Heimito von Doderer (1896-1966) began writing as a prisoner of war in Siberia in 1916 and continued on his return to Vienna in 1920, while pursuing university studies in psychology and medieval history. He enjoyed only limited recognition until the unexpected success of his long novel Die Strudlhofstiege (The Strudlhof Steps) in 1951. He became the most acclaimed Austrian writer of his time, a reputation confirmed by the appearance of his 1,300-page novel Die Dämonen (The Demons) on his sixtieth birthday in 1956. A panorama of Viennese social life, it has earned him a reputation as the most important novelist writing in German after 1945. Mainly on the basis of this novel, Doderer was nominated by the Austrian PEN Club for the Nobel Prize each year from 1956 until his death. The Demons was translated into English by Richard and Clara Winston and published by Knopf in 1961.

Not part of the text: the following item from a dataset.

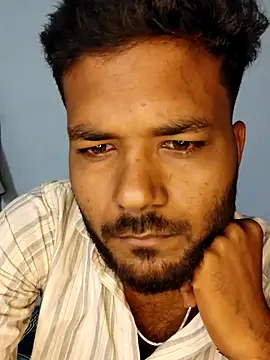 Snapshot of devil_khilesh chatting on October 7, 1:53 am devil khilesh online show from October 7, 1:53 am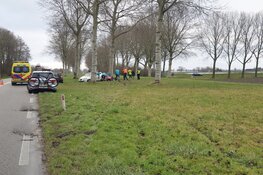Vrouw zwaargewond na ongeval op de N245 bij Dirkshorn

At the time of his death, Doderer had published the first volume in a proposed tetralogy structured according to the four movements of Beethoven’s Seventh Symphony and given the collective title of Novel No. VII. Because Doderer believed in and achieved closed form in complete narratives—unlike the fragmentary structures of his eminent colleague Robert Musil in The Man without Qualities—he was often invoked as a byword of novelistic traditionalism. Since the celebrations around the centennial of his birth, however, readers and critics have been discovering and admiring the experimental and modernist aspects of his art; The Strudlhof Steps has even been compared to Faulkner’s Absalom! Absalom! in its daring manipulation of time structures.
In all, Doderer published some eleven novels and about sixty short stories, as well as numerous reviews, historical essays, and cultural comments for newspapers. (Doderer himself considered the Divertimento No VII, “The Trumpets of Jericho,” included here, to be his greatest work.) He was also a significant theoretician and critic of literature and a prolific diarist and essayist.